In an international example of service to others, students have begun the process of adopting a sister school in Haiti in a community that has been devastated by four hurricanes this season. As part of this, the students will establish an email link with the children affected by these hurricanes so that they may communicate with them directly, gaining firsthand insight into the challenges faced by their peers in that area. The children will drive all aspects of this project, from raising funds to sending school supplies. To support this effort, during this year’s Christmas Bazaar they will set up a craft table where partcipants will create Christmas ornaments, the proceeds of which will be sent to their sister school in Haiti. They will also sell crafts made by people who live in Haiti, in the community that the children are supporting. In this way, the children are actively involved in fostering the dignity of the human person.

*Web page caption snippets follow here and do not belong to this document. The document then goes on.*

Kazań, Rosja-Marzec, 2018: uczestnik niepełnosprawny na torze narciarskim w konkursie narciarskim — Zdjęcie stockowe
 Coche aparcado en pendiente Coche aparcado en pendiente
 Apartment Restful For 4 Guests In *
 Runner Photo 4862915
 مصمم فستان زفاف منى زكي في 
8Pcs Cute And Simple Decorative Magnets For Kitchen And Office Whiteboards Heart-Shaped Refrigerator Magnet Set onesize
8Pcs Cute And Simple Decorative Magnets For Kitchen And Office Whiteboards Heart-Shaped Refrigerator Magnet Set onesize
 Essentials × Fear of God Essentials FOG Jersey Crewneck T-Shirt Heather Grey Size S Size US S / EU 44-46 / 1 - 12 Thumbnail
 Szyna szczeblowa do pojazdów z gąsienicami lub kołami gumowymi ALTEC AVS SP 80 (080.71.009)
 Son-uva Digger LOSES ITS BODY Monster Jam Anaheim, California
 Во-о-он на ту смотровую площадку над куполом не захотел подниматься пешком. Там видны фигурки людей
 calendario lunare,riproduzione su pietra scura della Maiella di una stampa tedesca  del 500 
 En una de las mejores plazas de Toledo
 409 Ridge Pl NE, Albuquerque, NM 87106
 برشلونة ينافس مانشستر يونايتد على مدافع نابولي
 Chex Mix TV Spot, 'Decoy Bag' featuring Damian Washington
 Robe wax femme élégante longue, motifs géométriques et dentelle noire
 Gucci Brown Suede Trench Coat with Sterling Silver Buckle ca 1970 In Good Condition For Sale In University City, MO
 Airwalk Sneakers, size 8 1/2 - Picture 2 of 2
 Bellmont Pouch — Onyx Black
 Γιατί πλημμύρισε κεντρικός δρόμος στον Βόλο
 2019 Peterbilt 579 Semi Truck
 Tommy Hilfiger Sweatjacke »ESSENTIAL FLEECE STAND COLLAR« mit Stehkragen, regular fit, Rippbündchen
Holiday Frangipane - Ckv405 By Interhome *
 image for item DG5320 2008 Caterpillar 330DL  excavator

In another international effort, the social justice classes will contribute to the Heirfer International Foundation during the Lent and Easter seasons. Dedicated to “ending hunger and poverty and caring for the earth,” the organization works with communities around the world, providing livestock, training and related services to small-scale farmers.

Illustrative of their concern for the environment, social justice classes will refine the school’s recycling program. In one aspect of this the children will recycle crayon stubs to make new ones for others to use while visiting local health clinic waiting rooms. Also, in celebration of the October 4 Feast Day of Saint Francis of Assisi, the patron saint of animals and the environment, the children held a drive to recycle old towels and blankets for the Massachusetts Society for the Prevention of Cruelty to Animals (MSPCA) animals.

Within the wider St. Peter Parish community, parishoners are working with the Cambridge/Somerville Catholic Charities in funding a local food pantry. Together with the efforts of the students community, the parish community is focused on service to others as a way of life. As St. Peter Pastor Father Leonard O’Malley explained, “The spirit of service is basic to the entire parish community.”